The functional aspects of sago's ability to thrive and survive in a wide variety of environments have been addressed in detail by Van Wijk (1988) and will be discussed in later chapters. Van Wijk (1988) points out the confusion that has resulted from use of the terms annual and perennial to categorize plant types as well as life-cycle types, and argues that they should only be used to indicate life cycles of populations without implying a classification of plant species. Under this system, sago could theoretically be said to have an annual life cycle with either (1) generative reproduction by seeds or vegetative reproduction by turions or thickened rhizomes or (2) a perennial life cycle with vegetative reproduction by whole plants or shoots. Not all of these strategies have been observed in nature.

In Europe, the Potamogeton pectinatus association is often linked to brackish water (den Hartog 1963) and inland marshes and depressions affected by mineral pollution (Meriaux 1978). den Hartog (1981) placed sago with a small group of plants that share many properties with marine angiosperms but cannot compete well with them except under special circumstances. He termed sago a member of the eurysaline group of plants in that they are able to tolerate waters from fresh to hyperhaline that vary greatly in chemical composition. These plants are also able to withstand rapid and considerable fluctuations in salt content of the waters they inhabit., Iversen (1929) included sago in a group of species restricted to alkaline waters. Lohammar (1938) found sago in lake waters characterized by both high pH and calcium content. Further analysis of Lohammar's data by Hutchinson (1975) showed sago to be a eurytopic species able to tolerate a wide range of nutrient (nitrogen, phosphorus) concentrations. Moyle (1945) placed sago in an assemblage of hard water species able to withstand waters high in sulfate ion. Other classifications based on water chemistry have been proposed by Spence (1967) and Seddon (1972).


Distribution

Unlike most of the Potamogetons, which are interior and northern in global distribution, sago is nearly cosmopolitan (St.
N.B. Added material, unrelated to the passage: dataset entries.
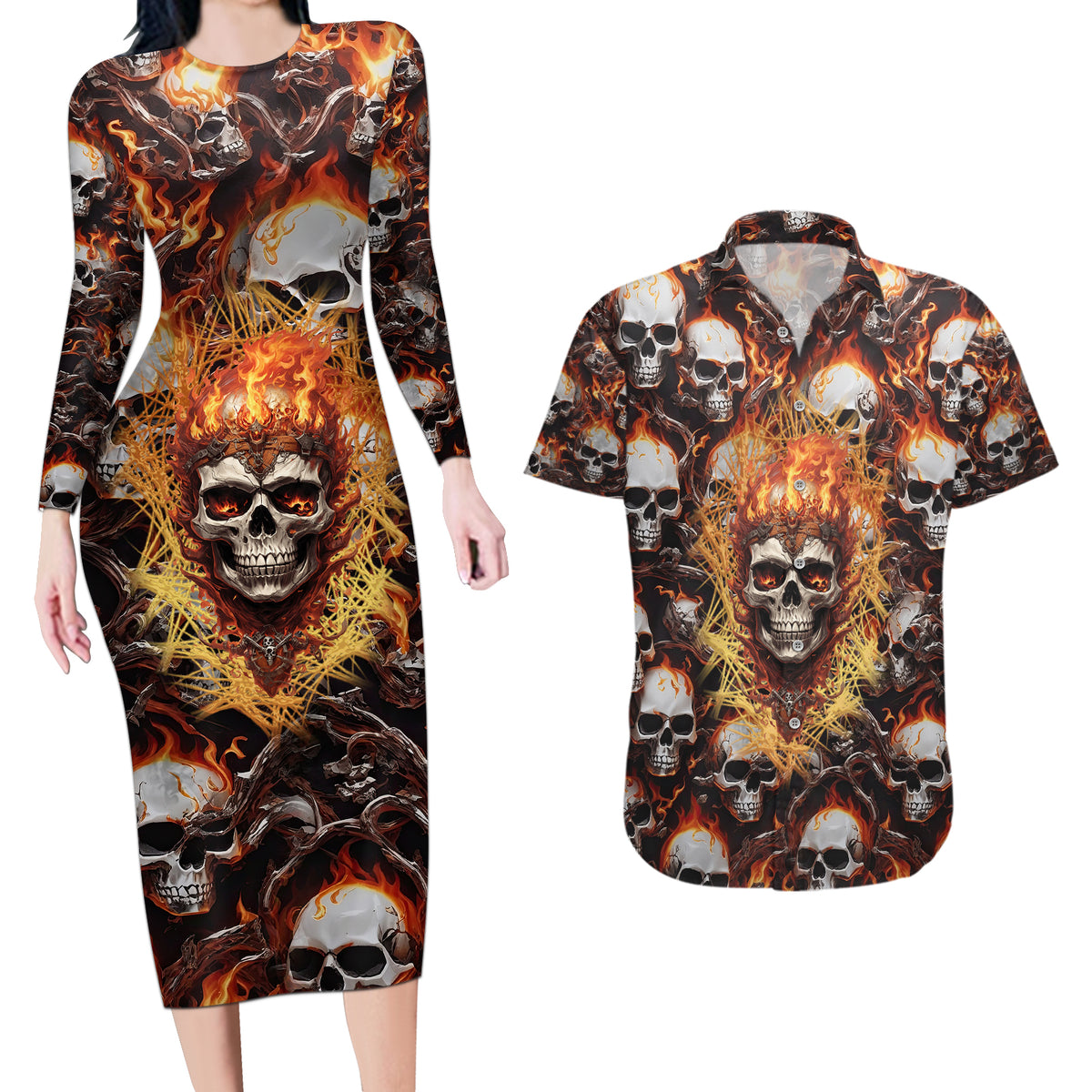 Flaming Skull Couples Matching Long Sleeve Bodycon Dress and Hawaiian Shirt Judge Me When You're Perfect Otherwise Shut Up - Wonder Print Shop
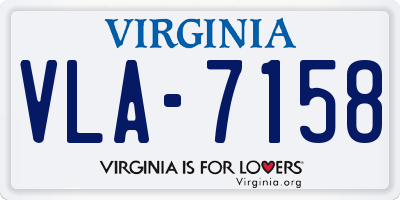 VA license plate VLA7158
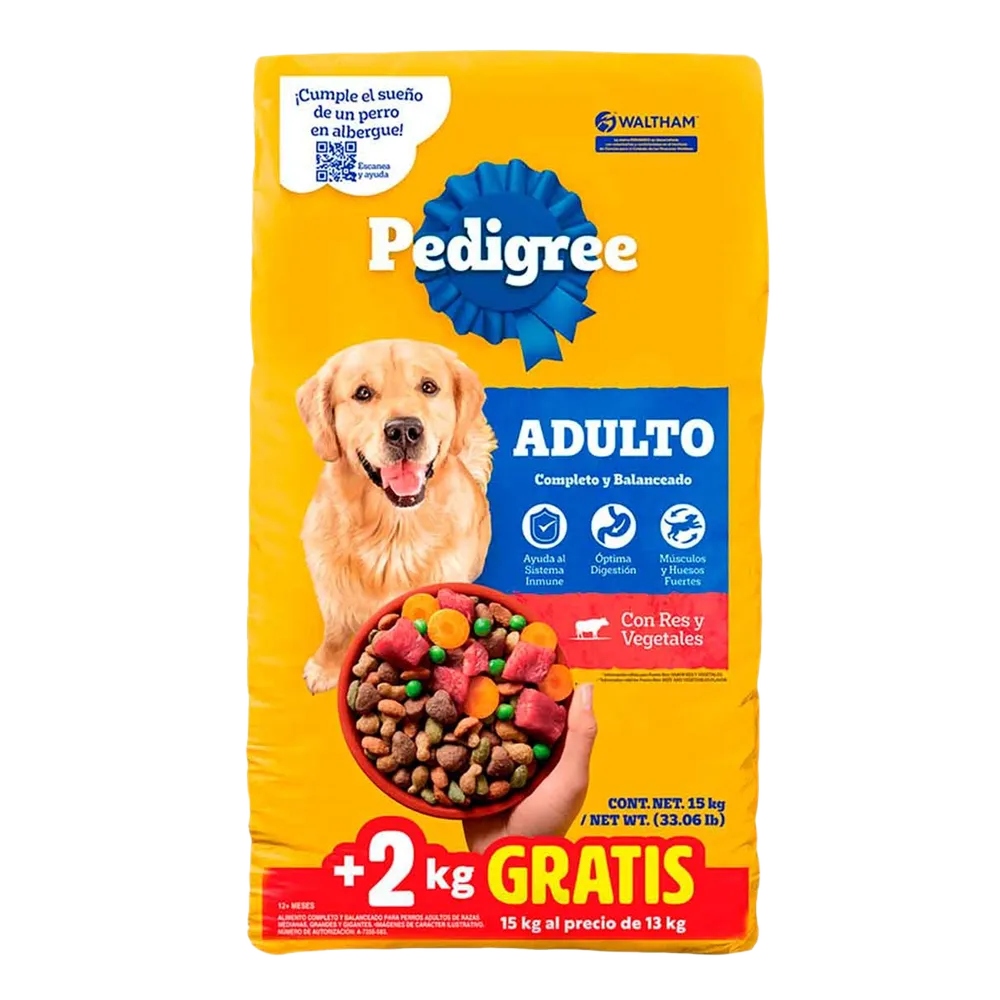 ALIMENTO SECO PARA PERRO ADULTO NUTRICION COMPLETA PEDIGREE 15 KILOGRA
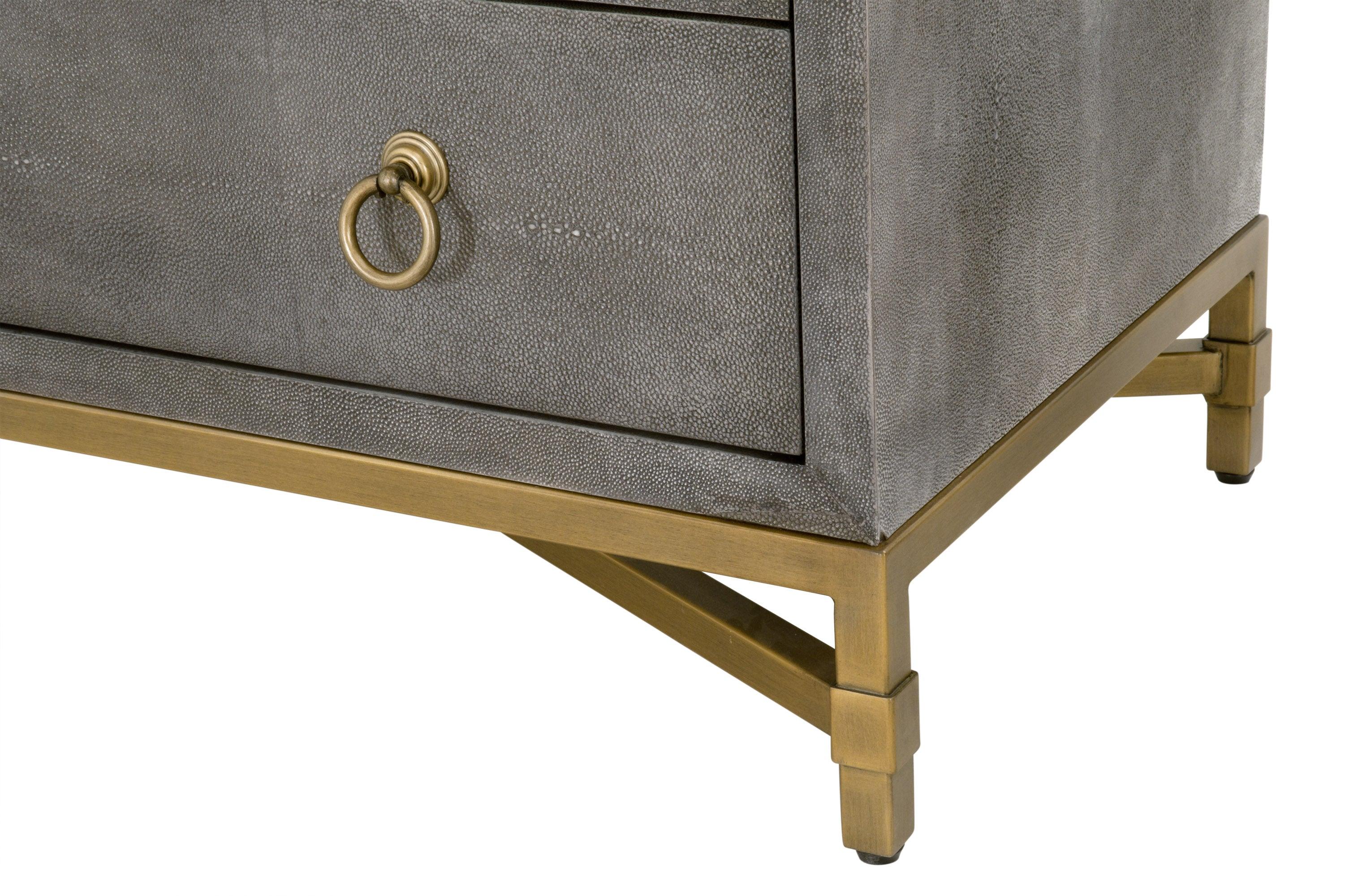 Strand Shagreen 3-Drawer Nightstand - Frankwebs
John 1916). The plant occurs circumboreally to about 70° N (Hulten 1968) and can also be found in South Africa, South America, South Eurasia, and New Zealand. The species occurs from sea level to nearly 4,900 m above sea level in high mountains of Venezuela and Tibet (Ascherson and Graebener 1907, cited in Yeo 1965). Pip (1987) recorded 19 species of Potamogeton at 430 wetland sites distributed throughout a large area of central North America and found sago second only to P. richardsonii in frequency of occurrence.